• _WORK INSTRUCTIONS_:
Only the lines from the one with "Natural Wooden Chaise" to the end of the data below should be given again, exactly, with both ends included and pictures omitted.

• _MATERIAL FOR THE TASK_:
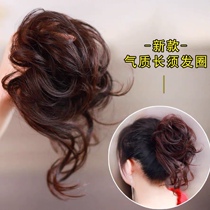 Lazy temperament long beard Hairband ball head wig female fluffy natural floral headdress cheongsam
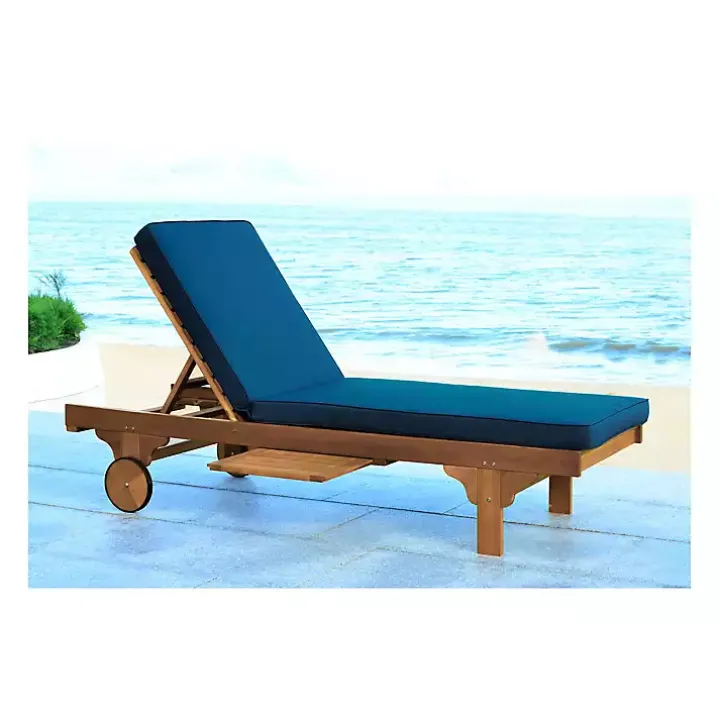 Natural Wooden Chaise with Table and Navy Cushion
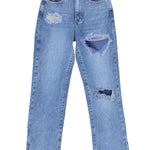 Women Clothing High Waist Straight Slimming Cool Black Denim Trousers Mop Hem Split Smooth Micro-Flared Pants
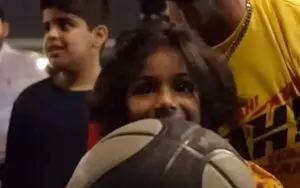 LA Knight Shoots Hoops with Young Fan Ahead of WWE Crown Jewel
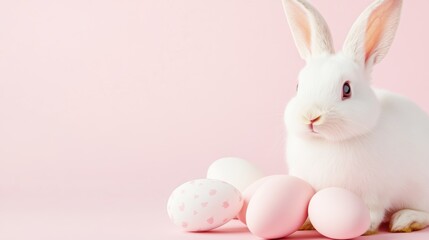 White bunny surrounded by pastel Easter eggs on a soft pink background. Minimalistic and adorable spring holiday scene.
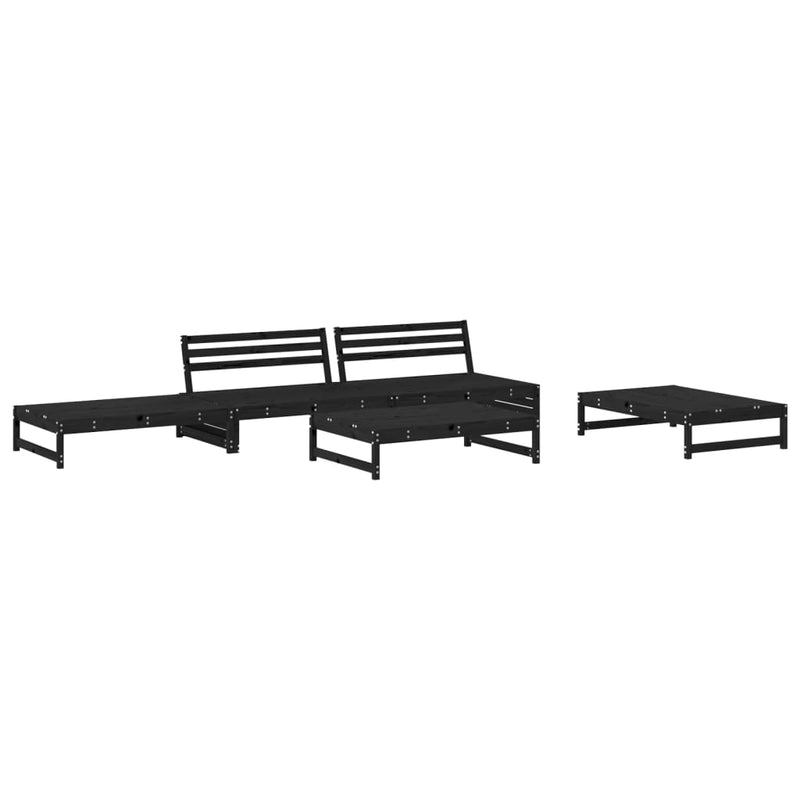 5 Piece Garden Lounge Set with Cushions Black Solid Wood
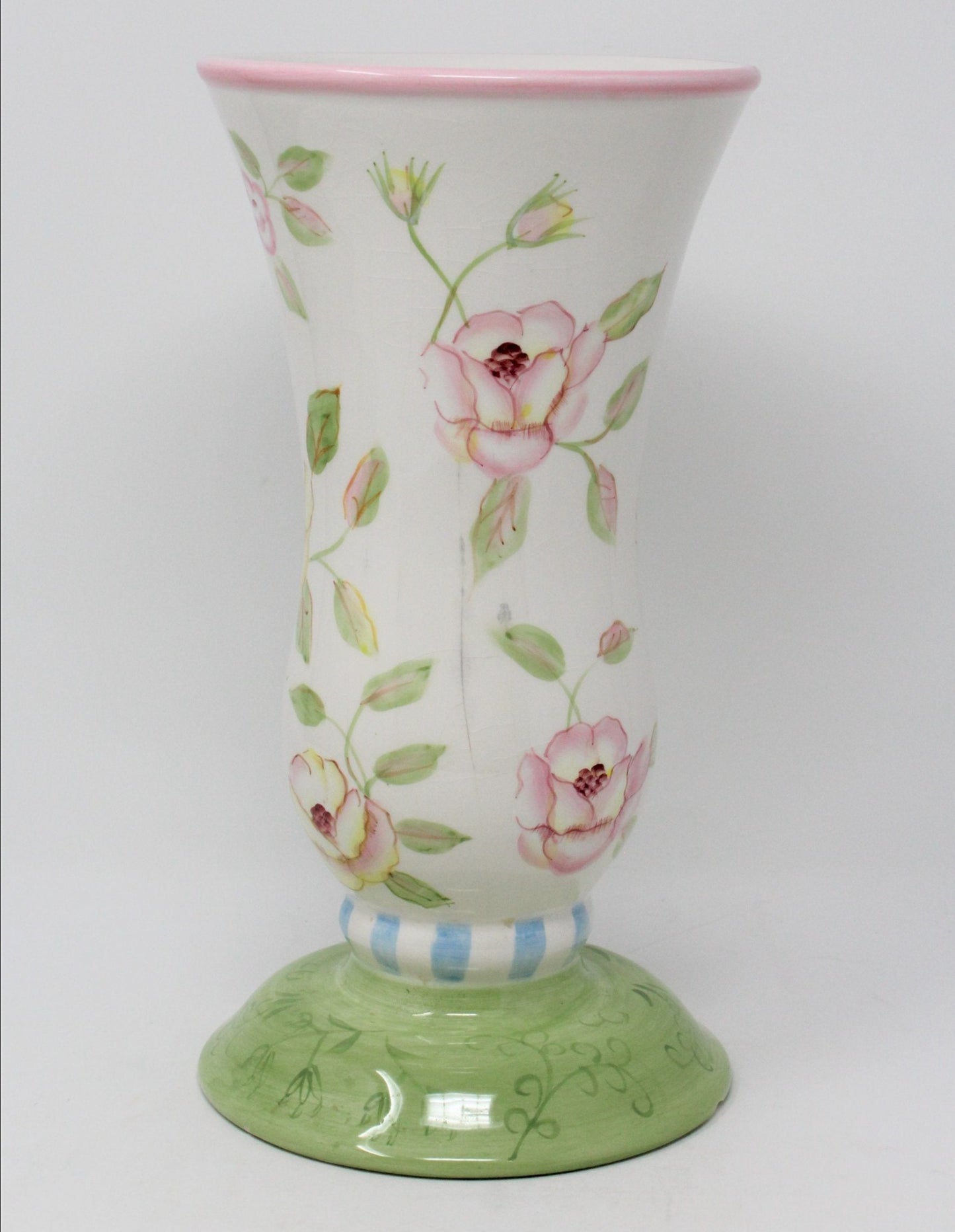 Vase, FTD, Tracy Porter Design, Pastel Florals, Ceramic, 2001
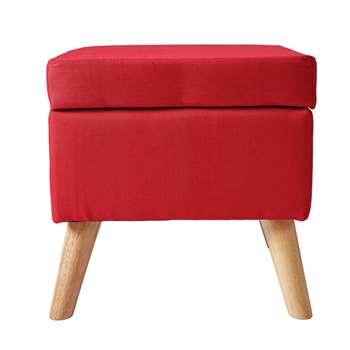 Argos Home Lexie Fabric Storage Footstool - Red (H45 x W45 x D45cm)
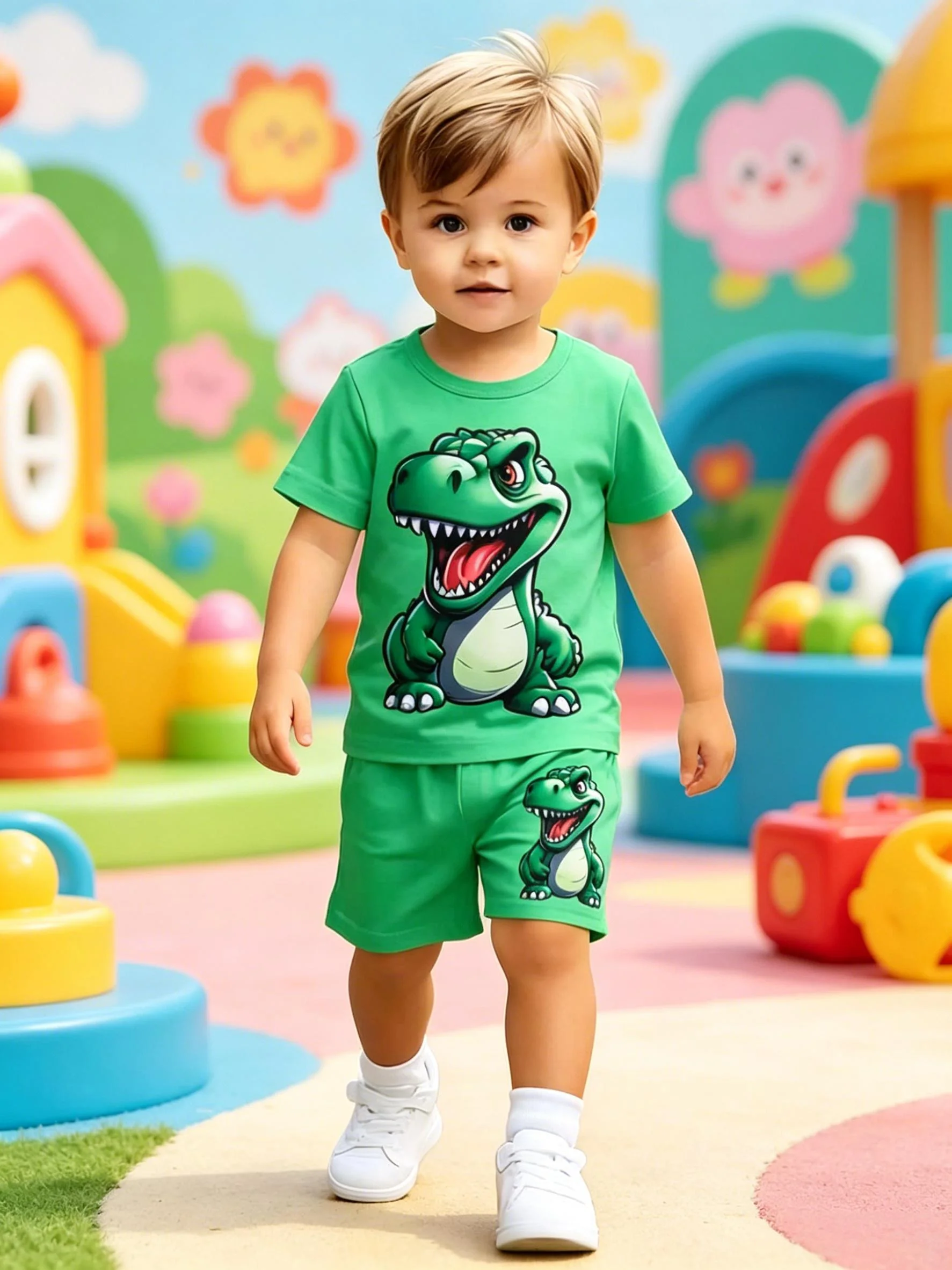Kurzarm-Shorts mit Dinosaurier-Aufdruck für Jungen, 2-teiliges Set, sommerliches Outfit im verspielten Stil – Detail 1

• _RESPONSE_:
 Natural Wooden Chaise with Table and Navy Cushion
 Women Clothing High Waist Straight Slimming Cool Black Denim Trousers Mop Hem Split Smooth Micro-Flared Pants
 LA Knight Shoots Hoops with Young Fan Ahead of WWE Crown Jewel
 White bunny surrounded by pastel Easter eggs on a soft pink background. Minimalistic and adorable spring holiday scene.
 5 Piece Garden Lounge Set with Cushions Black Solid Wood
 Vase, FTD, Tracy Porter Design, Pastel Florals, Ceramic, 2001
 Argos Home Lexie Fabric Storage Footstool - Red (H45 x W45 x D45cm)
Kurzarm-Shorts mit Dinosaurier-Aufdruck für Jungen, 2-teiliges Set, sommerliches Outfit im verspielten Stil – Detail 1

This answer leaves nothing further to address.